2006–07 Football League Trophy

Tournament details
- Country: England Wales
- Teams: 48

Final positions
- Champions: Doncaster Rovers
- Runners-up: Bristol Rovers

= 2006–07 Football League Trophy =

The 2006–07 Football League Trophy, known as the 2006–07 Johnstone's Paint Trophy for sponsorship reasons, was the 26th staging of the Football League Trophy, a knockout competition for English football clubs in Leagues One and Two. The winners were Doncaster Rovers from League One and the runners-up were Bristol Rovers from League Two.
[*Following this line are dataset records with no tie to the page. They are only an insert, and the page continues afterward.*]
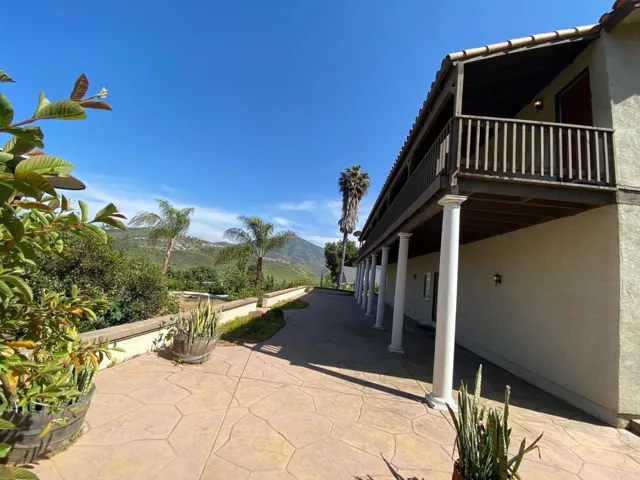 10024 Eubank Lane, Spring Valley, California 91977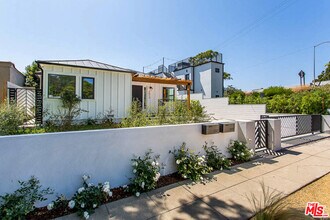 2517 Federal Ave in Los Angeles, CA - Foto de edificio - Building Photo
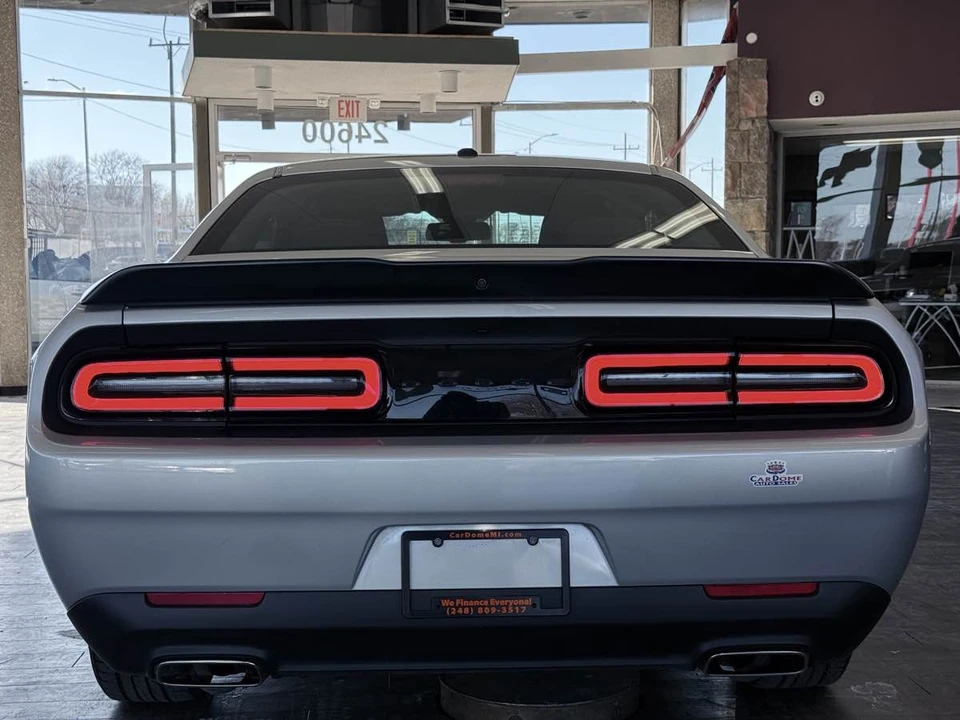 2023 Dodge Challenger 3rd Gen - Image 15 of 31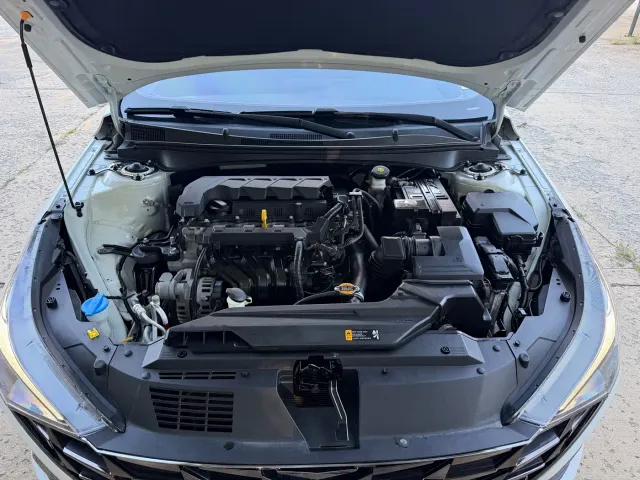 Hyundai Elantra — Фото автомобиля 15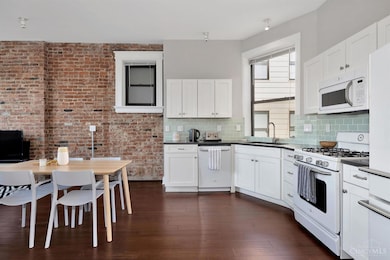 1501 Vine St, Cincinnati, OH 45202 - photo 7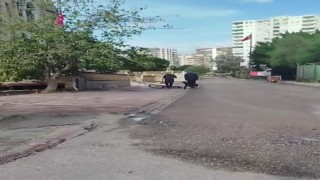 Bisikletli çocuğu darp etti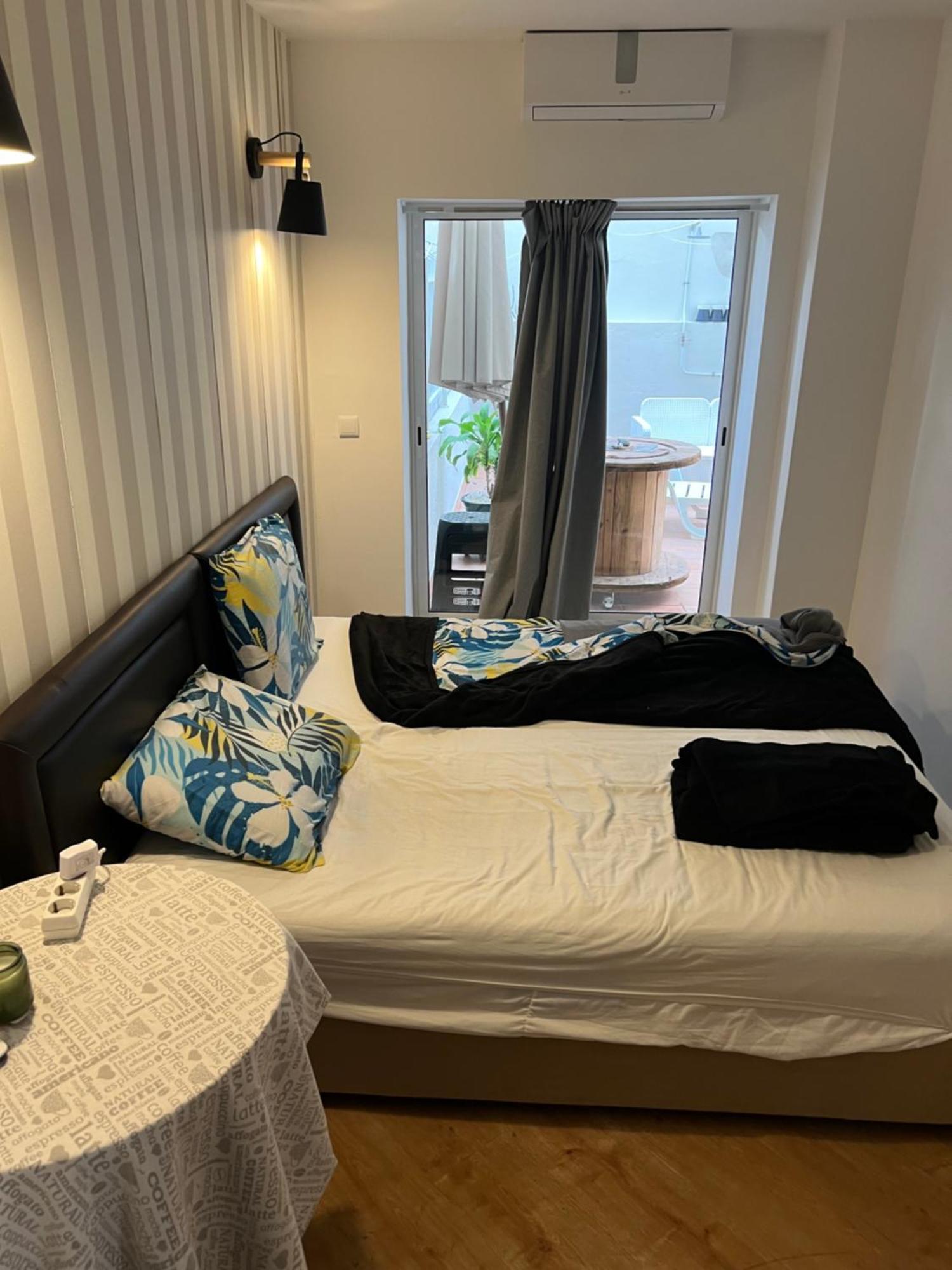 Apartamento Para Ferias 2 Minutos Da Praia Costa Da Caparica Exterior photo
The competition began on 17 October 2006 and ended with the final on 1 April 2007. The final was the last to take place at Millennium Stadium in Cardiff. In the first round, there are four sections: Northern Section–West, Northern Section–East, Southern Section–West and Southern Section–East. In the second round this narrows to simply a Northern and a Southern section, whereupon each section gradually eliminates teams in knock-out fashion until each has a winning finalist. At this point, the two winning finalists face each other in the combined final for the honour of the trophy.

Swansea City were the defending champions, but lost to Peterborough United in the second round.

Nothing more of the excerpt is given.